Cemal Süreya, known by his given name as Cemalettin Seber (1931, Erzincan – 9 January 1990, Istanbul), was a Zaza Kurd Alevi poet, writer, and translator. He was one of the pioneering poets of the İkinci Yeni (Second New Poetry) movement, a modernist movement in Turkish poetry. Although he made his first attempts at poetry with sketches in middle school and aruz in high school, his true poetic work began during his university years. In addition to his poetry collections; Üvercinka (1958), Göçebe (1965), Beni Öp Sonra Doğur Beni (1973), Uçurumda Açan (1984), Sıcak Nal (1988), Güz Bitigi (1988), and Sevda Sözleri (1990); he also wrote essays, critiques, diaries, and anthologies.

The most frequent themes in his works are love, women, loneliness, social and political criticism, death, the idea of God, portraits, and poetics in verse. He also translated nearly forty books from French into Turkish. With the exception of Onüç Günün Mektupları (1990), all of his articles and poems were first published in magazines and newspapers and then turned into books. Süreya, who held a socialist worldview, published the magazine Papirüs, in which he expressed his literary views and used it as a tool to express his ideas as an intellectual.

==Biography==

Cemal Süreya, whose real name was Cemalettin Seber, was born in Pülümür, Erzincan (now in Tunceli Province) in 1931. His exact birthday is unknown. He was born into a Zaza Kurd Alevi-faith family that migrated from Pülümür to Erzincan. His Kurdish father, Hüseyin Seber, was born in Erzincan in 1905 and worked in the transportation business. His mother, Güllü Hanım, known as "Gülbeyaz", was born in Karatuş in 1915 into a Zaza family. His father died in a traffic accident in 1957 and his mother died at the age of twenty-three due to bleeding following a miscarriage.

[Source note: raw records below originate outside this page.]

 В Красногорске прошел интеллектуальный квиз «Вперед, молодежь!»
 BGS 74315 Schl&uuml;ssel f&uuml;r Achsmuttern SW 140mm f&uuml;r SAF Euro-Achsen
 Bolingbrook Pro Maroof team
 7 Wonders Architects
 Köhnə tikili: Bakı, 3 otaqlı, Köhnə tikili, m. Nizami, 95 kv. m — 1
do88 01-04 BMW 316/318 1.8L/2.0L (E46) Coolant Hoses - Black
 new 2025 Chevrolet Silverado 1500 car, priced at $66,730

In 1938, at age seven, Cemal Süreya and his family were among 181 families forcibly deported from Dersim (Tunceli) to Bilecik. He later described the experience in his poem '1938 Sürgün Şiiri'.

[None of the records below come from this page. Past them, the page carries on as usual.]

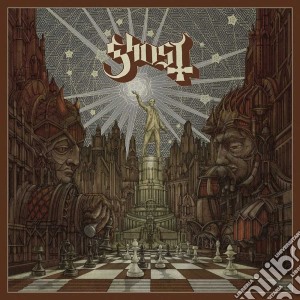 Ghost - Popestar cd musicale di Ghost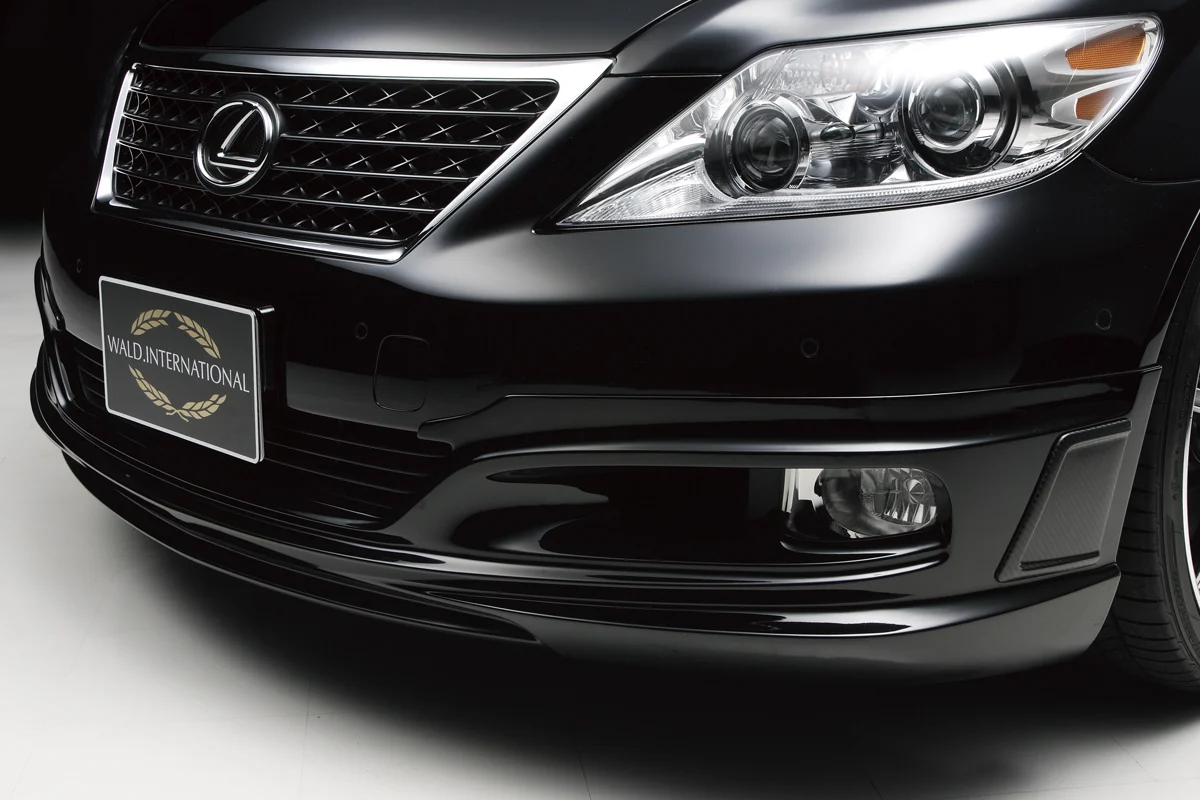 ชุดแต่ง LEXUS LS460/L WALD Japan เอ็กเซ็กคิวทีฟไลน์ ภาพ 2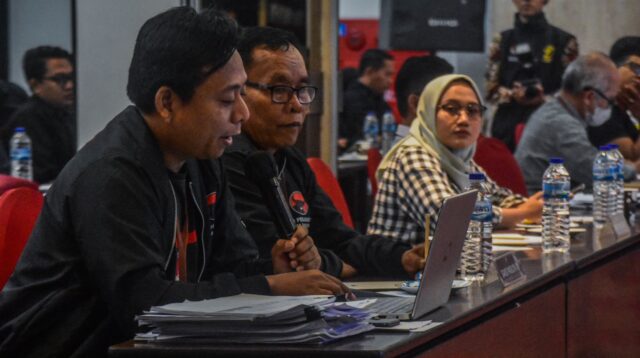 Terungkap, Saksi Paslon Airin-Ade Kompak Tolak Hasil Pilgub Banten: "Tidak Bermoral dan Penuh Intimidasi!"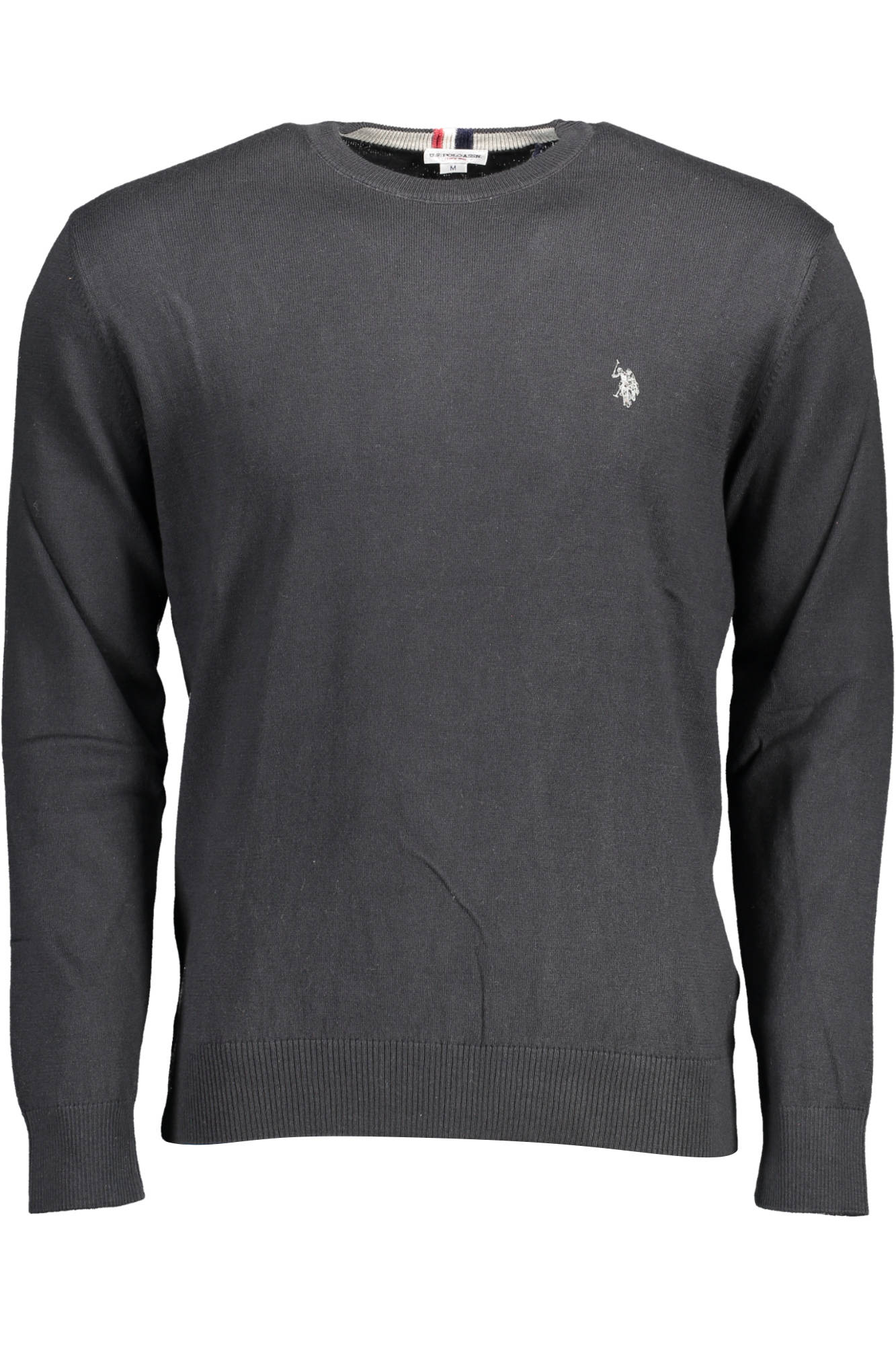 U.S. POLO MAGLIA UOMO NERO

He graduated from the Political Sciences Faculty of Ankara University. He was the founder and editor-in-chief of the Papirüs literary magazine. Cemal Süreya is a notable member of the Second New Generation of Turkish poetry, an abstract and postmodern movement created as a backlash against the popular and colloquial Garip movement. Love, mainly through its erotic character, is a recurrent theme of Süreya's works. Süreya's poems and articles were published in magazines such as Yeditepe, Yazko, Pazar Postası, Yeni Ulus, Oluşum, Türkiye Yazıları, Politika, Aydınlık, and Somut. He is known to have been a primary influence on the poetry of Sunay Akın. He lost a letter "y" from his pen name – originally Süreyya – due to losing a bet with Turkish poet Sezai Karakoç.

==Bibliography==

===Poetry===
- Üvercinka (1958)
- Göçebe (1965)
- Beni Öp Sonra Doğur Beni (1973)
- Sevda Sözleri (Terms of Endearment, 1984)
- Güz Bitiği (1988)
- Sıcak Nal (1988)
- Sevda Sözleri (1990)

===Articles===
- Şapkam Dolu Çiçekle (1976)
- Günübirlik (1982)
- Onüç Günün Mektupları (1990)
- 99 Yüz (1990)
- Günler (1991)
- Aydınlık Yazıları/Paçal (1992)
- Oluşum'da Cemal Süreya (1992)
- Folklor Şiire Düşman (1992)
- Papirüs'ten Başyazılar (1992)
- Uzat Saçlarını Frigya (1992)
- Aritmetik iyi Kuşlar Pekiyi (1993) – for children

===Translations===
- Kürtler: Sosyolojik ve Tarihi İnceleme by Basil Nikitin, translated into Turkish under the pseudonym C.S.